Ainsi lorsque des parents contestant la méthode globale d'enseignement de la lecture entreprirent d'apprendre eux mêmes à lire à leurs enfants, ils en furent légalement empêchés. Que signifie une telle mesure sinon que l'esprit des enfants appartient à l'Etat ? Lorsque le financement de l'éducation est public, il est logique qu'il se mette progressivement à contrôler le contenu des programmes dans la mesure où il est de sa responsabilité de déterminer si ses fonds sont utilisés de façon satsfaisante. Mais lorsqu'un État rentre dans la sphère des idées, lorsqu'il indique que penser en matière intellectuelle alors c'est la mort des sociétés libres. Pour citer Isabel Paterson dans " The God of the Machine": "les supports éducatifs sont nécessairement sélectifs aussi bien en ce qui concerne les sujets choisis que la manière de les aborder. Là où l'éducation appartient aux écoles privées, on trouvera des variations importantes entre les façons d'enseigner si bien que les parents auront la latitude de choisir auxquelles confier leur enfant. Ces écoles chercheront du mieux possible à prodiguer un enseignement objectif plutôt qu'à délivrer la philosophie obligatoire de la suprématie de l'État comme le fait un système éducatif entièrement contrôlé par l'État. Une fois que les doctrines collectivistes ont pénétré les esprits, il faut pratiquement fournir un effort surhumain pour échapper à l'emprise morale du politique sur la vie du citoyen. D'autant que le contrôle des écoles par l'État permet de mettre la main sur les corps, les biens et les esprits des individus dès la plus tendre enfance.

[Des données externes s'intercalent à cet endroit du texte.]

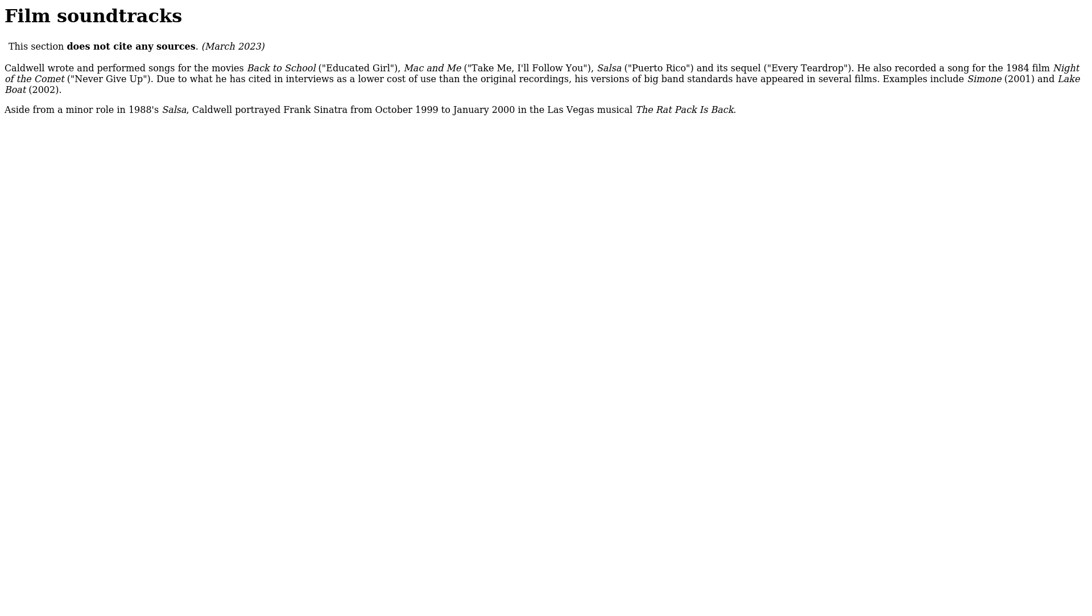Film Soundtracks. Caldwell wrote and performed songs for the movies Back to School, Mac and Me (Take Me, I'll Follow You), South Pacific, and its sequel, Every Teardrop.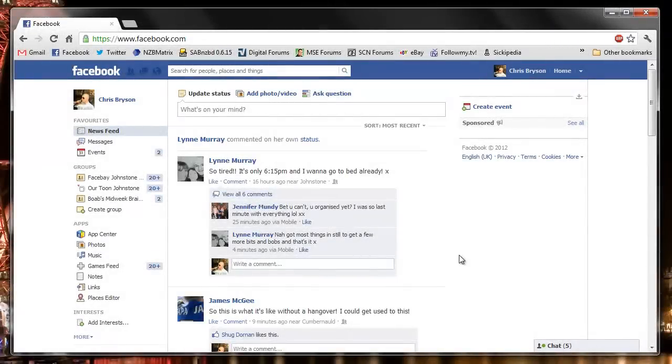Hi, in this video today, I'm going to show you how to quickly delete all of your Facebook messages.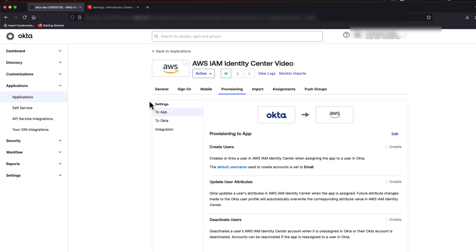And for Okta, you would need to edit this page to allow Okta to create, deprovision, and update users.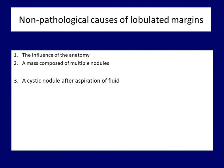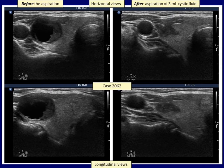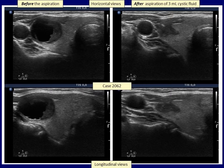A very instructive non-pathological form can be seen after the aspiration of cystic fluid. This mixed nodule had regular borders before the aspiration. However, the borders became clearly irregular after the aspiration of 3 ml of cystic content. This should not cause a problem just after the aspiration. But what if this cyst will not recur and we meet the patient years later with this ultrasound presentation? In order to protect the colleague and the patient from further unnecessary worry, it is worth noting the change in the shape of the nodule on the ultrasound report.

Le niveau scandaleusement faible de l'enseignement en Amérique n'est que le très prévisible résultat d'un système scolaire entre les mains de l'État. L'école est devenu un symbole statutaire et un rituel. De plus en plus de jeunes s'inscrivent dans le supérieur mais de moins en moins en sortent correctement instruits. Notre système éducatif est comme une grande bureaucratie dans laquelle les enseignants sont évalués davantage pour leurs travaux et publications que pour leurs compétences pédagogiques ; et les étudiants sont davantage évalués au travers de leur adaptabilité sociale plutôt que par leurs compétences intellectuelles. (...)

 

Texte 2 : Aldeous Huxley, nouvelle préface au Meilleur des mondes, 1946.

Il n'y a, bien entendu, aucune raison pour que les totalitarismes nouveaux ressemblent aux anciens. Le gouvernement au moyen de triques et de pelotons d'exécution, de famines artificielles, d'emprisonnements et de déportations en masse, est non seulement inhumain (cela, personne ne s'en soucie fort de nos jours) ; il est - on peut le démontrer - inefficace : et, dans une ère de technologie avancée, l'inefficacité est le pêché contre le Saint-Esprit.

Un État totalitaire vraiment " efficient " serait celui dans lequel le tout puissant comité exécutif des chefs politiques et leur armée de directeurs auraient la haute main sur une population d'esclaves qu'il serait inutile de contraindre, parce qu'ils auraient l'amour de leur servitude. La leur faire aimer - telle est la tâche assignée dans les États totalitaires d'aujourd'hui aux ministères de la propagande, aux rédacteurs en chef de journaux et aux maîtres d'école.

 

Question de réflexion : Quelles différences peut-on établir entre une instance de normalisation telle que l'école et les autres instances de normalisation ?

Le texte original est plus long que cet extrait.